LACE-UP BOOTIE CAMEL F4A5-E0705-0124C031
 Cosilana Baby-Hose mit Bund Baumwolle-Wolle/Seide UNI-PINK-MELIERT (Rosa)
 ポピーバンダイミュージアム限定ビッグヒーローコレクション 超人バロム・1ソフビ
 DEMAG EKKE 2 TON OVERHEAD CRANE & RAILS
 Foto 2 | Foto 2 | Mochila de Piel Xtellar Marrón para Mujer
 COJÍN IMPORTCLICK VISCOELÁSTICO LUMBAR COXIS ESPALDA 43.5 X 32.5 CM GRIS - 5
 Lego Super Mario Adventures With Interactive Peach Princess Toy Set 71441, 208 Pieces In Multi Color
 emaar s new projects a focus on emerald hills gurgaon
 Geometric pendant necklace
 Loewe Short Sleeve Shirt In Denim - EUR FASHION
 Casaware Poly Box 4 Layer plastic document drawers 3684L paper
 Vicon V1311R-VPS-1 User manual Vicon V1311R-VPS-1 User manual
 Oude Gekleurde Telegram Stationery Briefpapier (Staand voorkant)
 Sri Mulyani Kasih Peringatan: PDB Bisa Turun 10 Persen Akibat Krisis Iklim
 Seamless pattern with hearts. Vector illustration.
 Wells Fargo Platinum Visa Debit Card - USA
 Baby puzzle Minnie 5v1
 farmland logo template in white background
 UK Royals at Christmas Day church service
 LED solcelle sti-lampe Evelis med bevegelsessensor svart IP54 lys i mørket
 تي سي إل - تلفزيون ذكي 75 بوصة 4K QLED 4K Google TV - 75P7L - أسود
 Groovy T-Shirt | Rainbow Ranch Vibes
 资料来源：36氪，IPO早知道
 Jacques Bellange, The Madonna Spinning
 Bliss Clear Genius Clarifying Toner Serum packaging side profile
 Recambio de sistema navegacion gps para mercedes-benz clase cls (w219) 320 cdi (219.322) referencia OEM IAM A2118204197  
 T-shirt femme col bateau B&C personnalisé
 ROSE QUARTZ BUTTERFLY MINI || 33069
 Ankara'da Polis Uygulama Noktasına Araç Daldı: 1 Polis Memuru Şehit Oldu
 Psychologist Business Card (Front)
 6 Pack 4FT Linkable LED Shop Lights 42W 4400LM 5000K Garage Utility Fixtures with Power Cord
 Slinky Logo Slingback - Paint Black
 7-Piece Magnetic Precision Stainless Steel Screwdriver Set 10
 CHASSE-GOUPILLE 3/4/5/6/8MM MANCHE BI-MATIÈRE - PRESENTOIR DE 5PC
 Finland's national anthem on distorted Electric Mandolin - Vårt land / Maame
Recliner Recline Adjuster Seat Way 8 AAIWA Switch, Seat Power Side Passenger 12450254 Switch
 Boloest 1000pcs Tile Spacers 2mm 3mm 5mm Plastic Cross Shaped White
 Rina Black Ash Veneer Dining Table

● Instructions to follow
All lines from the one that contains "ROSE QUARTZ BUTTERFLY MINI || 33069" through the end of the material are to be quoted exactly, with both ends included.

● Output
 ROSE QUARTZ BUTTERFLY MINI || 33069
 Ankara'da Polis Uygulama Noktasına Araç Daldı: 1 Polis Memuru Şehit Oldu
 Psychologist Business Card (Front)
 6 Pack 4FT Linkable LED Shop Lights 42W 4400LM 5000K Garage Utility Fixtures with Power Cord
 Slinky Logo Slingback - Paint Black
 7-Piece Magnetic Precision Stainless Steel Screwdriver Set 10
 CHASSE-GOUPILLE 3/4/5/6/8MM MANCHE BI-MATIÈRE - PRESENTOIR DE 5PC
 Finland's national anthem on distorted Electric Mandolin - Vårt land / Maame
Recliner Recline Adjuster Seat Way 8 AAIWA Switch, Seat Power Side Passenger 12450254 Switch
 Boloest 1000pcs Tile Spacers 2mm 3mm 5mm Plastic Cross Shaped White
 Rina Black Ash Veneer Dining Table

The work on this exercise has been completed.